Reformasi Perpajakan Pasca Coretax: Antara Teknologi dan Tantangan Kelembagaan
Upaya meningkatkan rasio pajak (tax ratio) di Indonesia terus menjadi fokus pemerintah, terutama setelah peluncuran sistem Coretax pada awal 2025. Sistem ini dirancang untuk mengintegrasikan administrasi perpajakan secara digital, namun hasilnya belum sesuai harapan. Dalam dua bulan pertama penerapannya, penerimaan pajak justru turun signifikan sebesar 30,2% secara tahunan. Hal ini memunculkan pertanyaan mendasar: mengapa teknologi canggih seperti Coretax belum mampu mengoptimalkan pendapatan pajak?
Salah satu faktor kunci adalah ekosistem politik dan birokrasi yang belum sepenuhnya mendukung reformasi perpajakan. Coretax ibarat mesin canggih yang dipasang pada kendaraan tua. Tanpa pembaruan sistemik di tingkat kelembagaan, teknologi ini tidak akan berfungsi optimal. Tantangan utama meliputi:
- Politik anggaran yang elitis dan sentralistik, di mana pembahasan pajak seringkali terhambat oleh kepentingan kelompok tertentu.

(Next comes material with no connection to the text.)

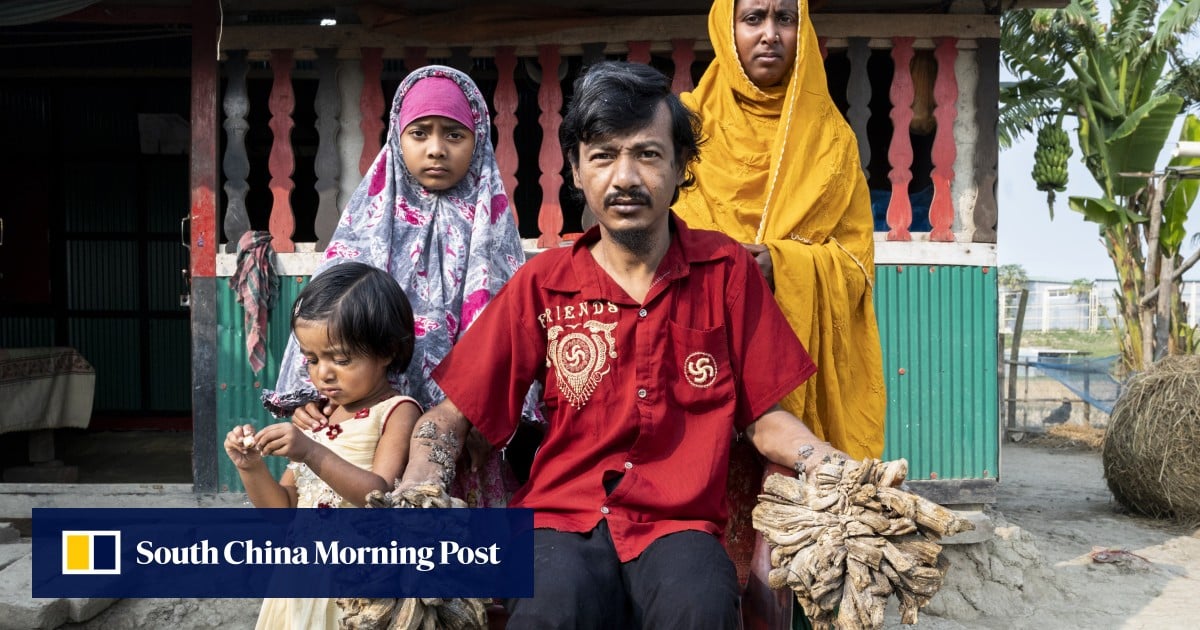 ‘The pain is unbearable’: viral ‘tree man’ with extremely rare disease ...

- Belanja perpajakan yang tinggi, mencapai Rp 374,5 triliun pada APBN 2024, justru setelah masa pandemi berakhir.
- Rasio pajak yang stagnan di angka 10,21% pada 2023, jauh di bawah potensi riil Indonesia yang bisa mencapai 17%.
Selain itu, integritas dan kapasitas SDM perpajakan juga menjadi tantangan serius. Kasus pegawai pajak dengan gaya hidup mewah telah merusak kepercayaan publik. Tanpa perbaikan di sisi ini, investasi teknologi seperti Coretax tidak akan berdampak maksimal.
Beberapa langkah strategis yang bisa diambil untuk memperbaiki situasi ini antara lain:
- Membuat reformasi perpajakan sebagai agenda nasional, melibatkan tidak hanya Kementerian Keuangan tetapi juga presiden, parlemen, dan pemerintah daerah.
- Mempercepat integrasi data lintas sektor, menghubungkan Coretax dengan sistem OSS, perbankan, dan fintech untuk pemetaan wajib pajak yang lebih akurat.
- Memperkuat SDM perpajakan, baik dari sisi kompetensi teknologi maupun integritas moral.
- Mengubah strategi komunikasi publik, menyajikan pajak sebagai kontribusi untuk keadilan sosial dan pembangunan nasional.
Pada akhirnya, teknologi seperti Coretax hanyalah alat. Keberhasilan reformasi perpajakan tetap bergantung pada komitmen politik dan transformasi kelembagaan yang mendalam. Tanpa fondasi yang kuat, sistem canggih ini berisiko menjadi sekadar monumen digital yang mahal namun tidak efektif.